CAS: GSM gateways should be allowed
2007-06-08
The Adam Smith Centre (CAS), a Polish think tank, has suggested that the telecommunications market regulations should allow the use of Fixed Cellular Terminals (FCT), or so-called GSM gateways, which enable calls from fixed-line networks to mobile ones for the same fee that is charged for calls from mobile to mobile.
This would reduce the costs of fixed-to-mobile calls, which, according to CAS, are the main reason individuals give up the fixed-line telephony. The declining number of fixed lines has been described by the CAS experts as having a detrimental effect on the economy. They also emphasise that the decrease of fixed-line networks users will result in the increase of exploitation cost per user and, eventually, in the increase of costs of services that are being provided by means of these networks such as broadband internet access.

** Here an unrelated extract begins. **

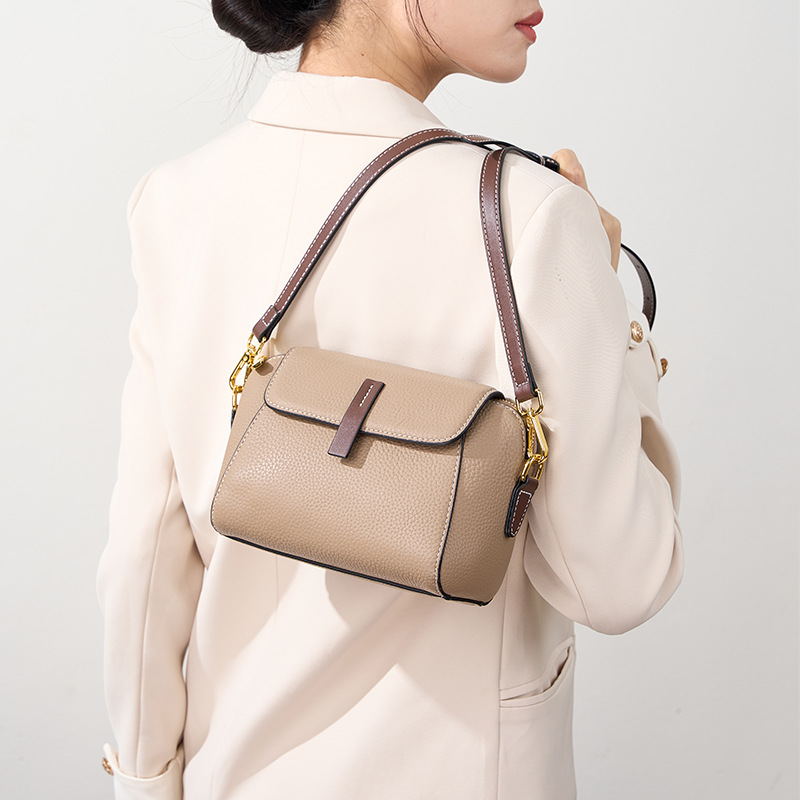 حقيبة كتف نسائية فاخرة بتصميم  - مراجعة Women'S Work Bags Designer وسعره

Therefore, the CAS insists that the three-year plan of decreasing mobile termination rates revealed in April 2007 by the Office of Electronic Communications (UKE) is not sufficient to prevent this. The experts point out that the regulation is meant not to increase the competition but to replace it. They insist that the law should not allow the GSM operator to forbid the use of FCT as this would decrease the prices of fixed-to-mobile calls and reverse the downward trend of the number of fixed lines in Poland.